La RTT a apporté une certaine nouveauté dans le dialogue social de la fonction publique. Celui-ci se caractérisait jusqu'alors par des instances consultatives et un cadre réglementaire laissant peu de place à la négociation. Or nous avons connu une période de négociation sociale intense et constructive dans les trois versants de la fonction publique, portant à la fois sur la baisse du temps de travail et sur la « régularisation » de certaines pratiques auxquelles les employeurs souhaitaient mettre fin. On a ainsi ouvert le champ des conditions de travail à la négociation, ce que je considère comme positif.
Je serais beaucoup plus prudente au sujet des conditions de travail elles-mêmes, car la mise en place de la RTT s'est effectuée parallèlement à d'autres évolutions très structurantes pour les services publics.
Premièrement, le déploiement des nouvelles technologies de l'information, encore embryonnaire au début de la réforme, a conduit à de nombreuses réorganisations, à l'évolution des missions, à la requalification des compétences. Son poids me semble plus important que celui de la RTT pour ce qui est de l'évolution de l'organisation des services, d'autant que, je le répète, on a souvent choisi de s'en tenir à des cycles de travail identiques à ceux de la période précédente.

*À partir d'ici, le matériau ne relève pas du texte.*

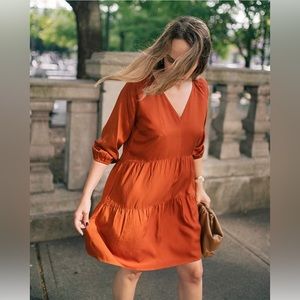 Burnt Orange Dress Size Medium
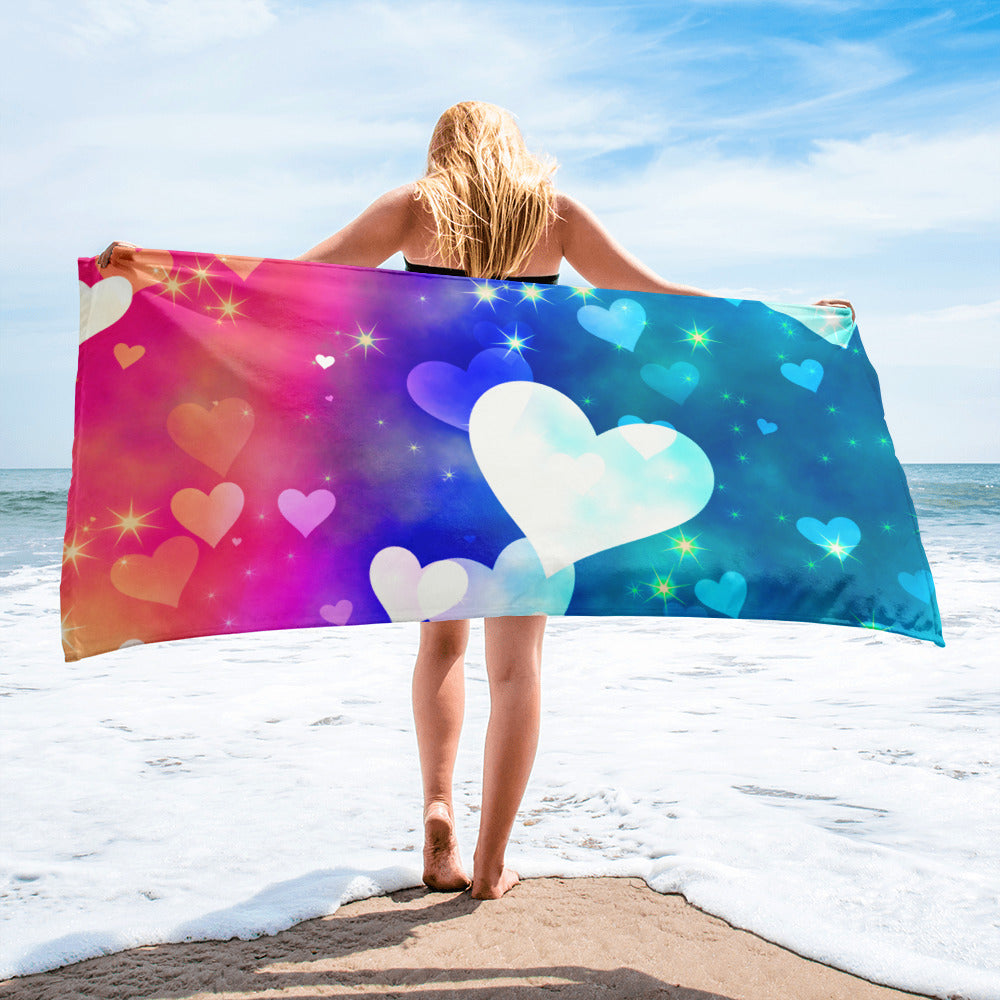 Fun in the Sun Collection - Hearts 01 - Beach Towel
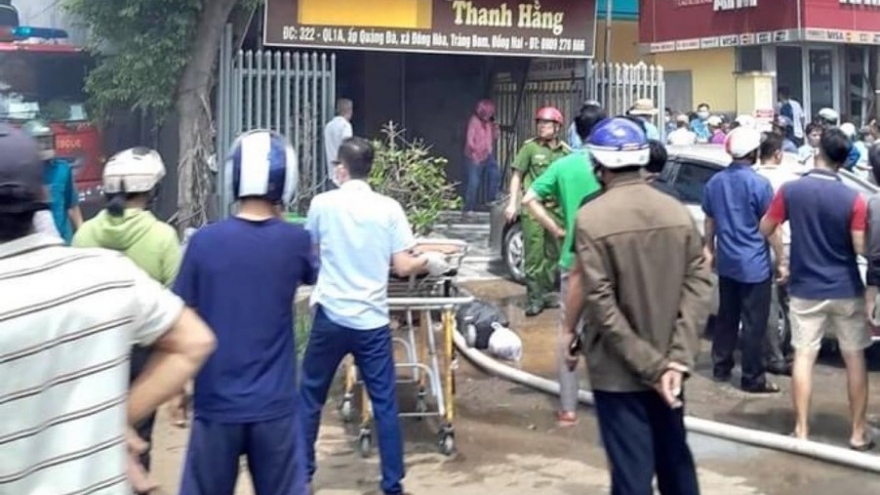 Hai người tử vong sau vụ cháy căn nhà khóa kín ở Đồng Nai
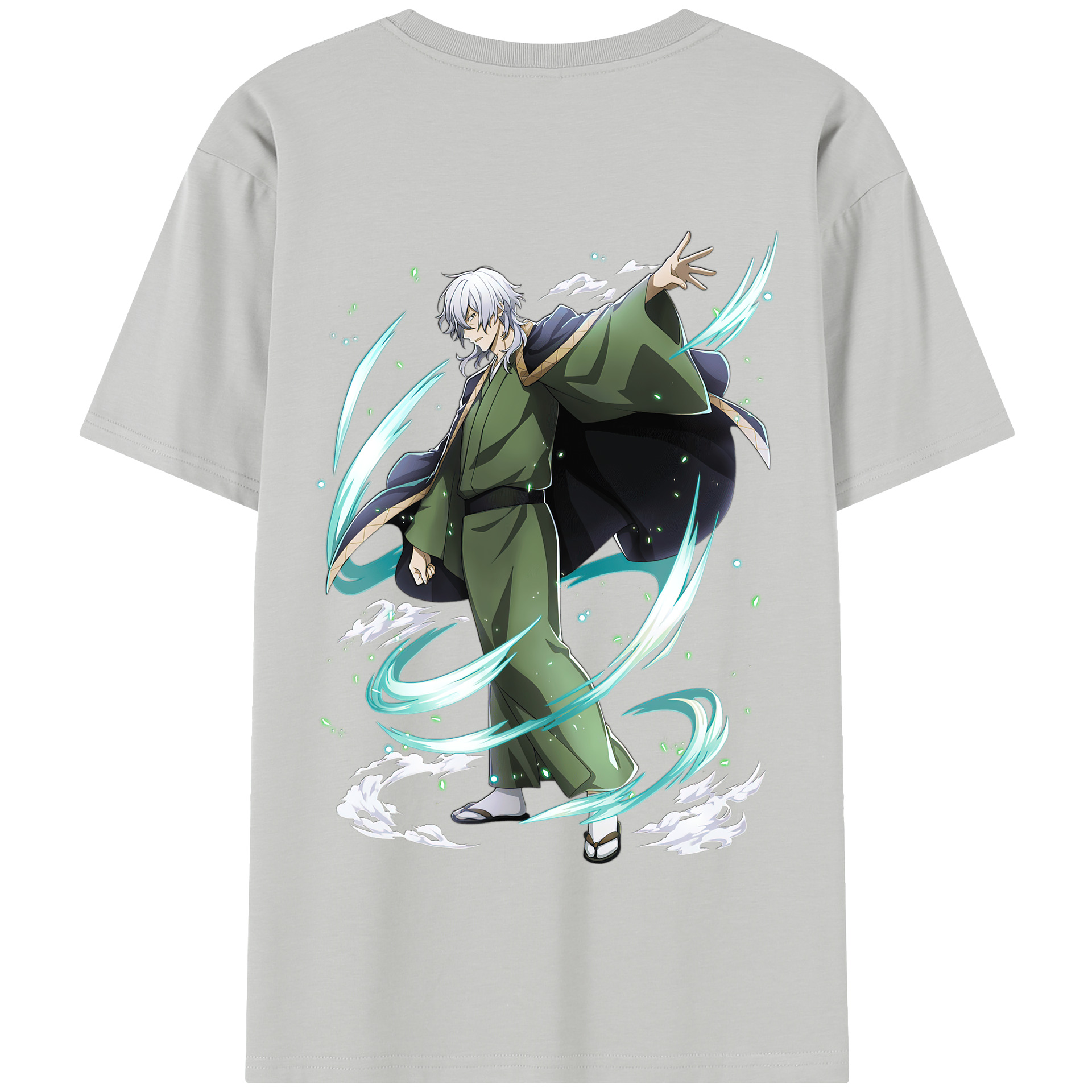 （画像用） 文豪ストレイドッグス Bungo Stray Dogs 綿100％半袖Tシャツ（背面プリント）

La deuxième évolution lourde est celle de la politique de l'emploi public engagée en 2002 et amplifiée jusqu'en 2012, avec un objectif de stabilisation des effectifs. Sur la longue durée, il s'agit d'une inflexion majeure pour la fonction publique de l'État. La stabilisation globale suppose, dans plusieurs ministères, des non-renouvellements de postes qui ont un impact important sur l'organisation du travail.

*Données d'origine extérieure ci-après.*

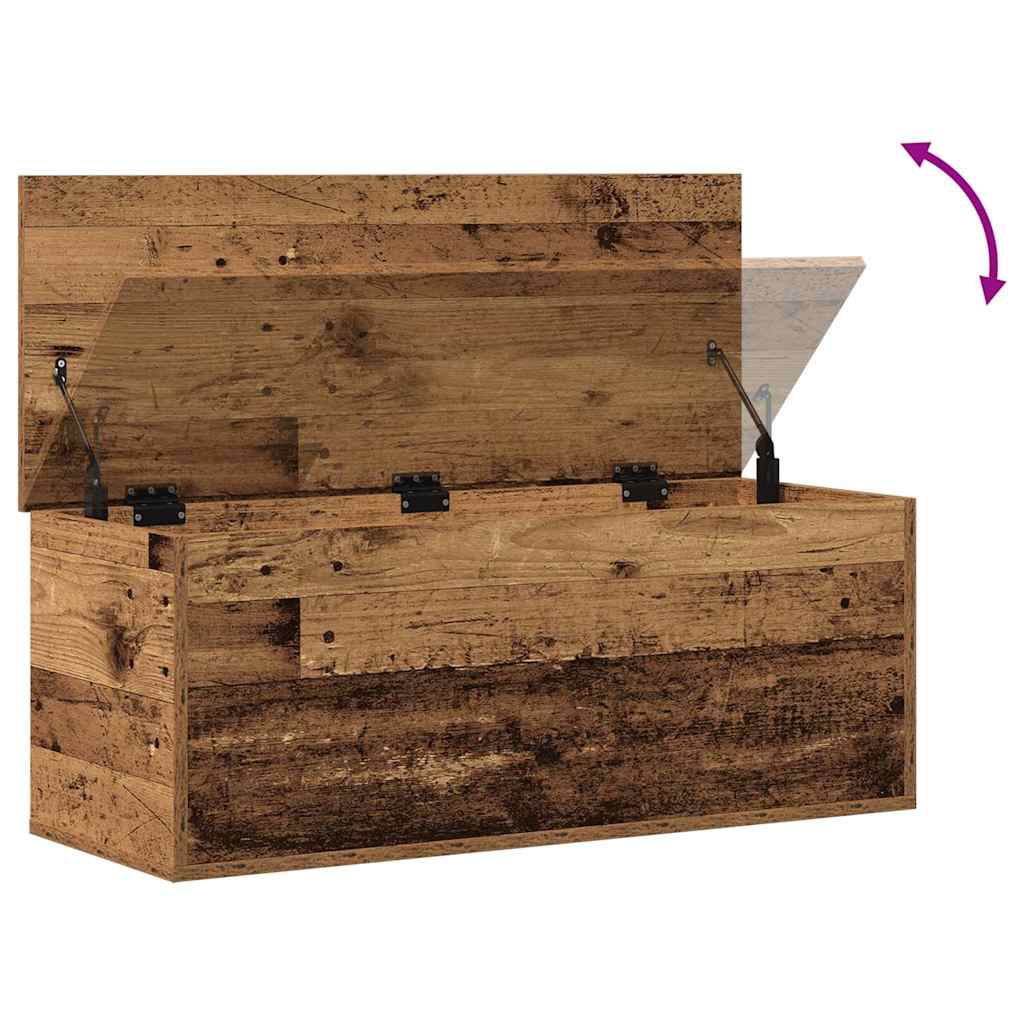 Úložná Krabice Staré Dřevo 90 X 35 X 35 Cm Kompozitní Dřevo
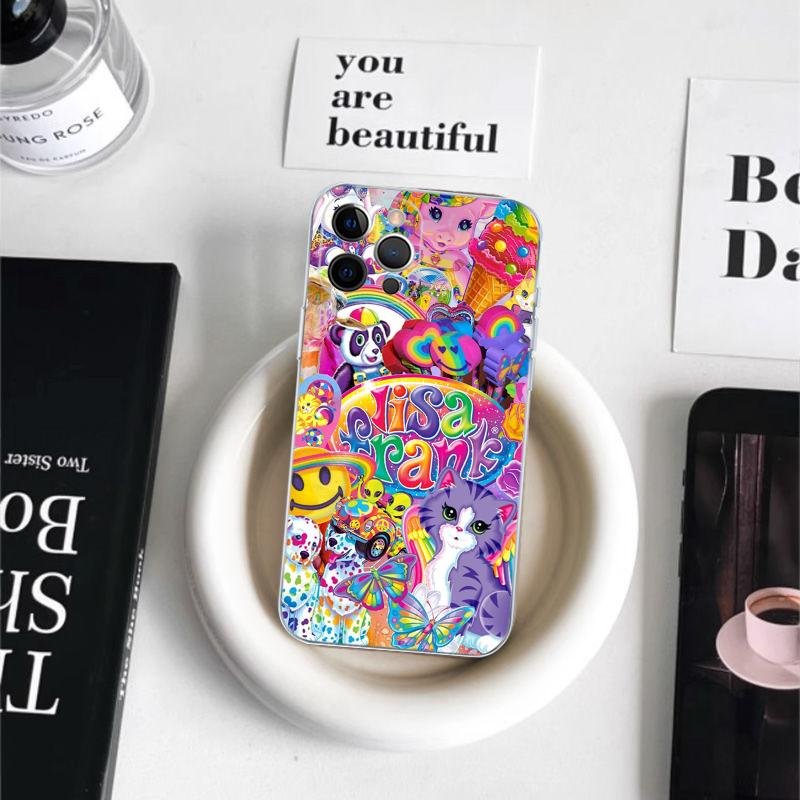 Lisa Frank Art Phone Case For iPhone 16 15 14 11 12 13 Mini Pro XS Max Cover 6 7 8 Plus X Funda Shell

Il est difficile de faire le départ, dans ces évolutions, entre ce qui relève de la RTT et ce qui relève de mouvements plus récents ou plus structurants.
Pour ce qui est des effets plus sociétaux de la réforme, on peut estimer que l'introduction de jours de RTT à la place de régimes d'autorisation d'absence plus ou moins opaques, plus ou moins dépendants du bon vouloir du chef de service, a été favorable à la conciliation entre vie familiale et vie professionnelle. La possibilité de « poser » un jour de RTT plutôt que de solliciter une autorisation d'absence met les femmes et les hommes qui en ont besoin dans une situation plus confortable – de façon plus marquée, à mon sens, pour les hommes. Plus récemment, l'accord du 8 mars 2013 relatif à l'égalité professionnelle entre les femmes et les hommes dans la fonction publique, le premier du genre, consacre un volet important à la conciliation entre vie familiale et vie professionnelle.
Je confirme par ailleurs que l'impact immédiat de la RTT sur l'organisation du travail dans la fonction publique n'a pas été massif, notamment dans les services administratifs classiques.
Les heures supplémentaires – qui concernent, pour l'essentiel, les enseignants – font désormais l'objet d'un suivi précis, dont il est rendu compte dans le rapport annuel du département statistique de ma direction. Leur paiement s'effectuant sur des bases déclaratives, le système est fiabilisé.
L'évolution de la consommation de ces heures supplémentaires est étroitement corrélée à la politique de l'emploi du ministère de l'éducation nationale, qui représente plus de 80 % du volume utilisé. En période de réduction des effectifs, comme ce fut le cas entre 2007 et 2012, on assiste à une compensation qui se traduit par des pics de consommation, favorisés par les exonérations et revalorisations que nous évoquions. En période de création d'emplois, on assiste à un ajustement à la baisse des heures supplémentaires, qu'elles soient effectives ou annuelles. Les statistiques pour 2013, dont nous disposerons prochainement, feront très certainement apparaître cette diminution et sa répercussion sur le coût budgétaire lié à ce poste. En outre, la fin de la défiscalisation des heures supplémentaires diminue leur attractivité, notamment pour les personnels de catégorie B et C.
Cette baisse aura nécessairement des répercussions sur l'évolution de la rémunération globale des personnels de la fonction publique, même si le poids des heures supplémentaires dans la progression des rémunérations n'est pas considérable.
S'il vous reste d'autres questions, je vous propose de me les transmettre pour que j'y réponde par écrit. Je tiens également la disposition de la commission d'enquête tous les éléments statistiques auxquels je me suis référée.